Data shown:

Segment Open

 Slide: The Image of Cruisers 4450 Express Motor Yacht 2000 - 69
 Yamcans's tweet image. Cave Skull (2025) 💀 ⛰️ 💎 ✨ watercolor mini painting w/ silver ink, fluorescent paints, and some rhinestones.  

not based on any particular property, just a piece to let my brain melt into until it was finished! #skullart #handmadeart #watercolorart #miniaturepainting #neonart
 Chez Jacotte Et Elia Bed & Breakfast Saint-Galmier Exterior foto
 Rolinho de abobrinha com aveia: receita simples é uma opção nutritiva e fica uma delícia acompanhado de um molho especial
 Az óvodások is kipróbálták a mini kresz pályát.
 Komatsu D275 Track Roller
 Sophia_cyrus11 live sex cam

Segment Closed

Problem to work on: What you give back should match the entries above exactly.

Written reply:
 Slide: The Image of Cruisers 4450 Express Motor Yacht 2000 - 69
 Yamcans's tweet image. Cave Skull (2025) 💀 ⛰️ 💎 ✨ watercolor mini painting w/ silver ink, fluorescent paints, and some rhinestones.  

not based on any particular property, just a piece to let my brain melt into until it was finished! #skullart #handmadeart #watercolorart #miniaturepainting #neonart
 Chez Jacotte Et Elia Bed & Breakfast Saint-Galmier Exterior foto
 Rolinho de abobrinha com aveia: receita simples é uma opção nutritiva e fica uma delícia acompanhado de um molho especial
 Az óvodások is kipróbálták a mini kresz pályát.
 Komatsu D275 Track Roller
 Sophia_cyrus11 live sex cam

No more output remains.